How to use ULTRAKILL weapons and armor in Palworld v0.7
Palworld v0.7, Home Sweet Home, is not a headline-grabbing content drop in the traditional sense, but its collaboration with ULTRAKILL introduces a sharply different combat philosophy into Pocketpair’s creature-driven sandbox. The V1 and V2 armor sets, alongside the Marksman Revolver and Core Eject Shotgun, are less about raw numerical dominance and more about injecting mechanical identity into Palworld’s mid-to-late game combat loop. Understanding how these items function, where they fit, and where they fall short is essential to using them effectively rather than treating them as novelty gear.
Locate the ULTRAKILL equipment
The ULTRAKILL armor sets are obtained through the Medal Merchant found in ruined church locations scattered across the Palpagos Islands. These merchants sell both the V1 Armor and V2 Armor directly, making them accessible without relying on rare drops or boss RNG, but at a noticeable resource cost that reinforces their midgame positioning. Unlike many late-game items, the armor does not require raid clears, but players are expected to already be economically stable enough to afford them.

The two ULTRAKILL weapons follow a different acquisition path and are tied to the Arena Merchant. This vendor sells schematics rather than finished weapons, pushing players back into Palworld’s crafting economy. The Marksman Revolver and Core Eject Shotgun schematics sit deep in the merchant’s inventory and demand a significant amount of Arena Tickets, effectively gating them behind repeated arena participation.

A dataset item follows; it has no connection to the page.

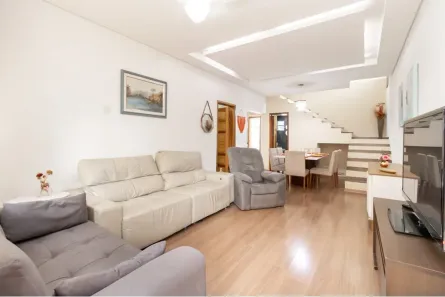 Casa com 5 Quartos à venda, 265m² no Vila do Encontro, São Paulo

Once purchased, the schematics require assembly lines to craft, and while higher-tier lines speed up production, lower-tier stations can still be used. This reinforces the update’s broader emphasis on base refinement rather than strictly vertical power progression. Players should be aware of a current edge case where carrying excessive amounts of gold in-base can prevent the Marksman Revolver from crafting correctly, a quirk that can temporarily halt production until resources are redistributed.

Understand the armor mechanics
The V1 and V2 armor sets appear similar at a glance, but their functional distinction is subtle and important. The V1 Armor includes the Blood is Fuel effect, which grants a small amount of player life steal when dealing damage. Data pulled from game files suggests this value sits at approximately 1 percent, a modest figure that nonetheless scales meaningfully against high-health enemies.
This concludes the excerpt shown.